ICTY: Momcilo Krajisnik’s appeal to be presented

21. July 2008.00:00
The presentation of the appeal filed by Momcilo Krajisnik's Defence, has been scheduled for late August 2008.

This post is also available in: Bosnian

On August 21 the Defence of Momcilo Krajisnik, former President of the Republika Srpska Parliament, is due to present its appeal to the first instance verdict, announced by the Hague Tribunal. The Defence will have two hours for the presentation.

“The time for presentation of your arguments is limited to two hours. You should focus on the joint criminal enterprise (JCE). You should coordinate with Mr. Alan Dershowitz, JCE counselor, on how to make the presentation within the available time limit,” pre-appeals judge Teodor Meron told Krajisnik.

In September 2006 a first instance verdict against Krajisnik was announced, sentencing him to 27 years imprisonment for crime against humanity, including persecution, extermination, murder, deportation and forced resettlement of the non-Serbian population during the war in Bosnia and Herzegovina. 

Following the pronouncement of the verdict, the Prosecution, Defence and Krajisnik appealed the first instance verdict.

The Prosecution appealed “the inappropriately short imprisonment sentence” as well as the parts of the verdict acquitting Krajisnik of the charges for genocide and complicity in genocide. The Prosecution is calling for a life sentence.

Krajisnik, who represents himself during the course of the appellate procedure, asked the Tribunal to appoint Alen Dersovic/Alan Dershowitz, a U.S. attorney as his counselor for joint criminal enterprise issues. Krajisnik was charged and sentenced, by the first instance verdict, for this crime. 

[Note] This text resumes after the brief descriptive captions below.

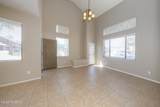 4061 Weimer Place - Photo 5
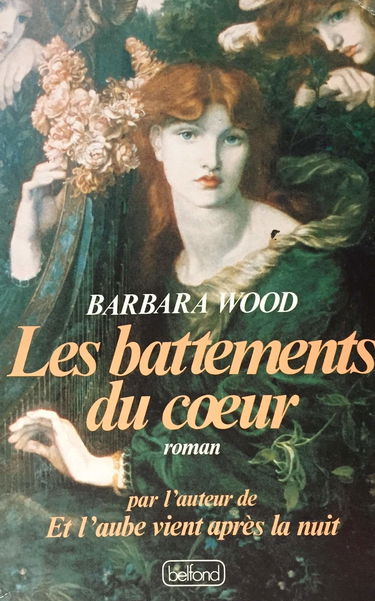 Les battements du coeur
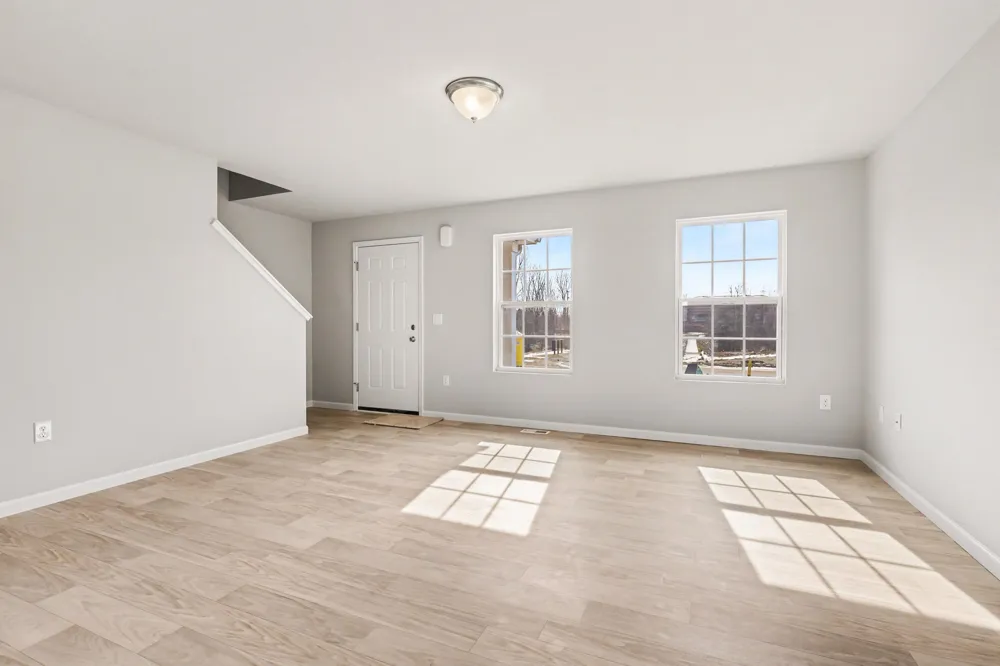 6380 Southtown Lane Byron Center, MI 49315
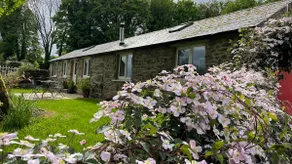 Maplegrove cottage - Image 2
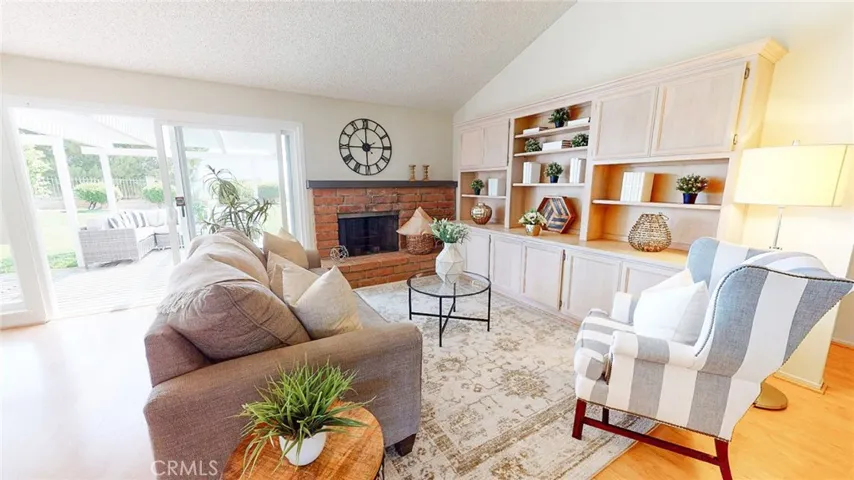 2342 Mountain Brook Drive, Hacienda Heights, California 91745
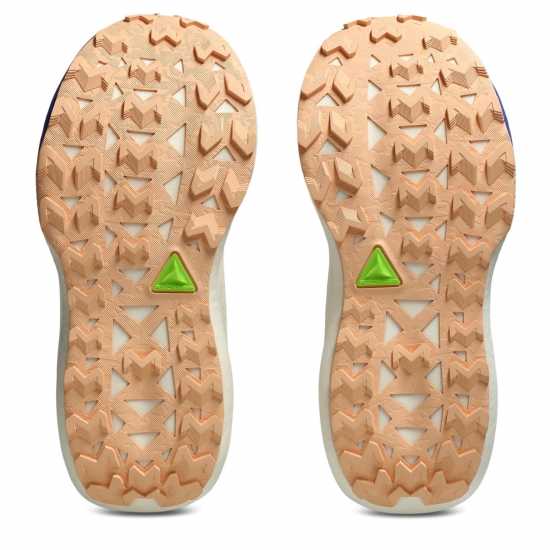 Asics Маратонки За Бягане По Пътеки Trabuco Max 5 Trail Running Shoes Womens Asics Маратонки За Бягане По Пътеки Trabuco Max 5 Trail Running Shoes Womens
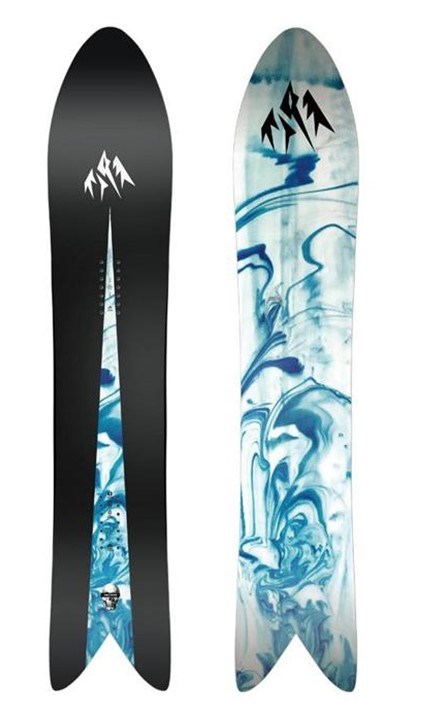 楽天市場】送料無料 スノー ボード 板 JONES ジョーンズ STORM CHASER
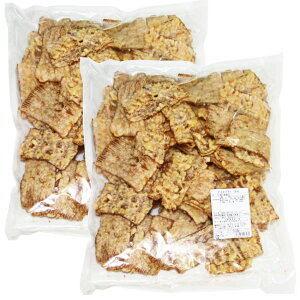  LY ߃tC(p)700g 2܃Zbg Ɩp Ƃ炩^Cv CJV ܂ ?Ɩ 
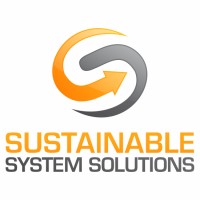 s3 GmbH (s3-engineering) Logo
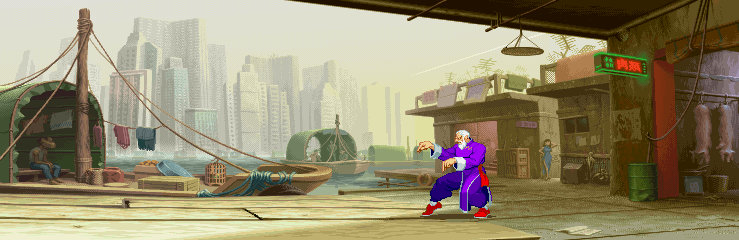 StreetFighterAlpha3-HongKong(Gen).png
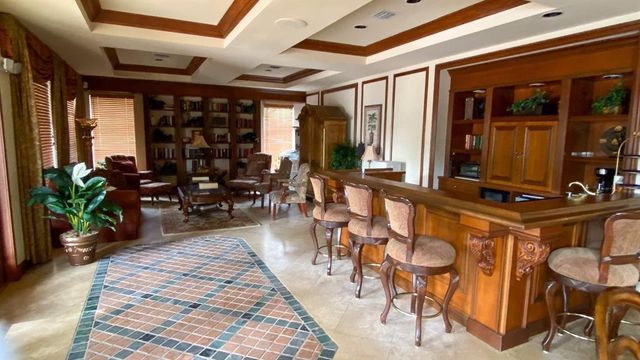 4856 N State Road 7 1304, Coconut Creek, FL 33073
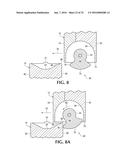 Locking Assembly diagram and image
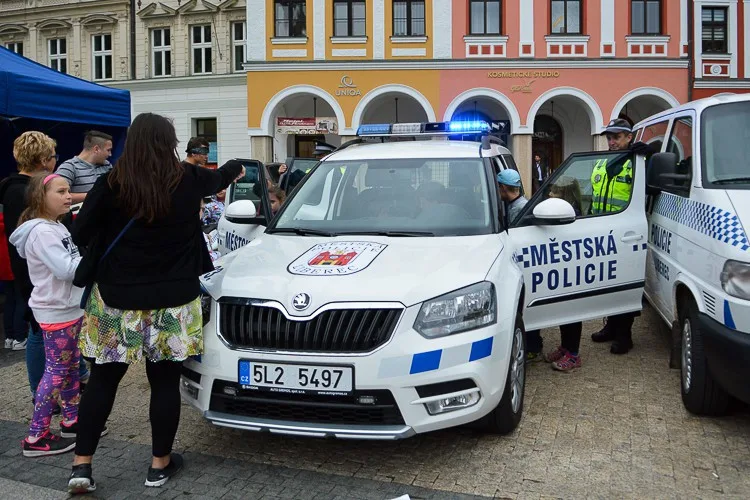 Ilustrační foto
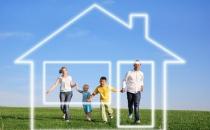 室內(nèi)污染怎么造成的？我們?cè)撛趺崔k？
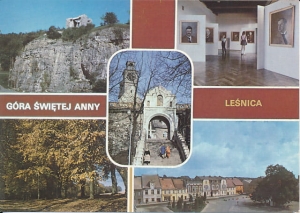 Leśnica - 017537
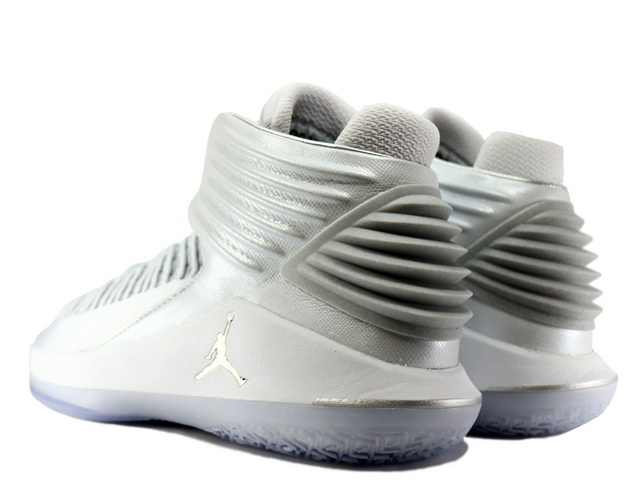 AIR JORDAN 32 PF AH3348-007 - 2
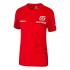 T-shirt DONNA GAS GAS TEAM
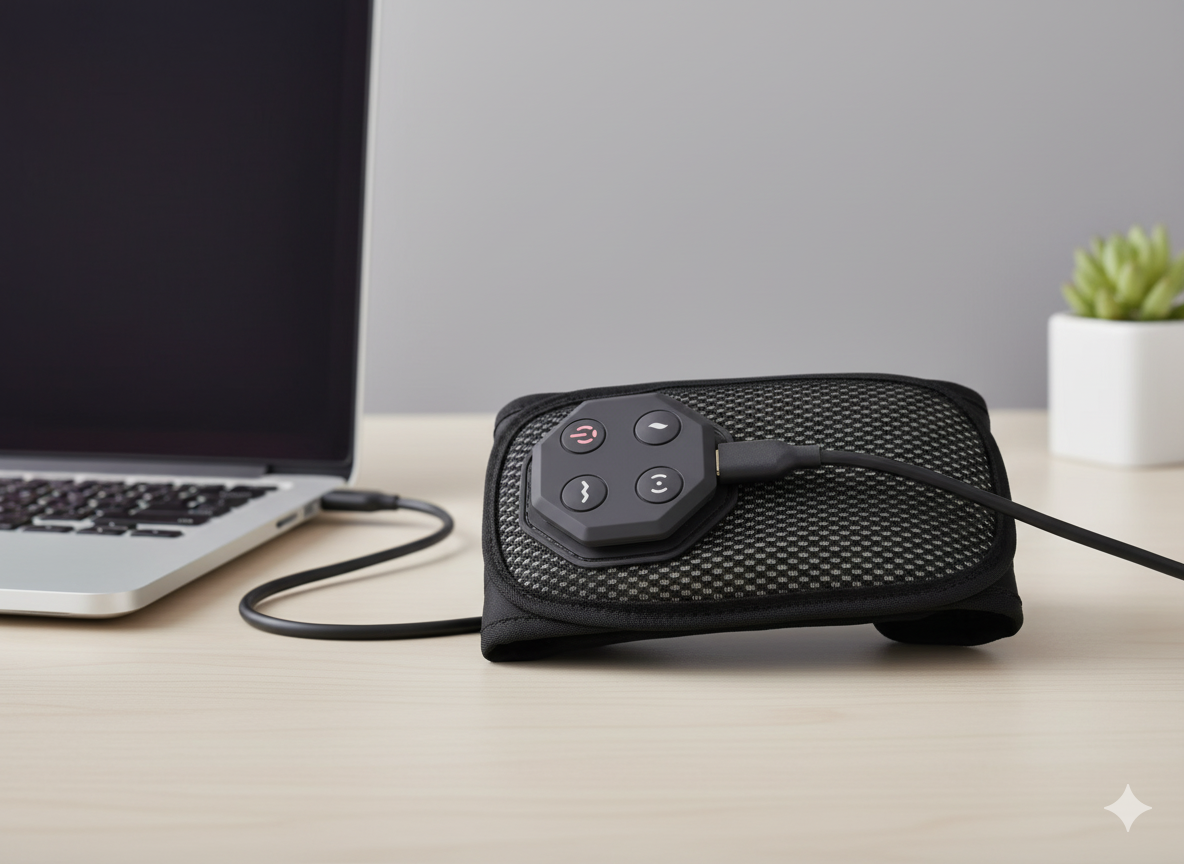 massager-charging-b2b-guide-usb-c-fast-charging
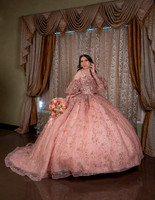 14 MAYO 2025 LUISA GARCIA #26406-9280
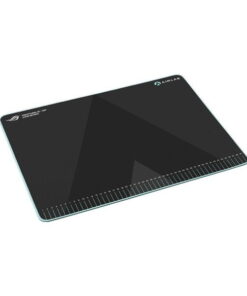 ASUS Store MOUSE PAD (เมาส์แพด/แผ่นรองเม้าส์) Nextplay Shop (เน็กซ์เพลย์) ตัวแทนจำหน่าย Dell, Acer, Asus,ร้านจำหน่ายคอมพิวเตอร์ Dell ACER ASUS MSI,อุปกรณ์ Dell แบตเตอร์รี่ Dell,อแดปเตอร์ Dellแท้, แรมคอมพิวเตอร์ ของแท้ 100% นวมินทร์ นวลจันทร์ รามอินทรา ราคาดี ราคาถูก ของแท้ ประกันศูนย์ https://nextplay.co.th/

In March this year Dersovic said that Krajisnik would present additional evidence, which were not available to him during the course of the trial. He also mentioned that the evidence comprised of some video recordings, but he did not provide any further details.

The ICTY Prosecution charged Krajisnik with having committed genocide and violated the practices and laws of warfare in Bosnia and Herzegovina. However, the Trial Chamber determined that the indictee did not have “a particular intention to commit genocide”, claiming that the evidence “did not support the conclusion” that he was an accessory in the genocide.

The Chamber accepted the Prosecution’s allegations and pronounced Krajisnik guilty of having participated in a joint criminal enterprise, whose “general goal was to drastically reduce the number of Muslims and Croats, by deporting them.”

“Mr. Krajisnik approved the start of the deportation programme during the course of the Bosnian Serbs’ Assembly session, by calling for ‘the implementation of what we had agreed earlier, the ethnic division in the field’,” the verdict pronounced by the Trial Chamber says.

The Chamber determined that Krajisnik played “a key” role in those crimes.

Krajisnik was member of the National Safety Council and Main Board of the Serbian Democratic Party of Bosnia and Herzegovina, SDS, and president of the Republika Srpska Assembly.
 
He has been held in custody since April 2000.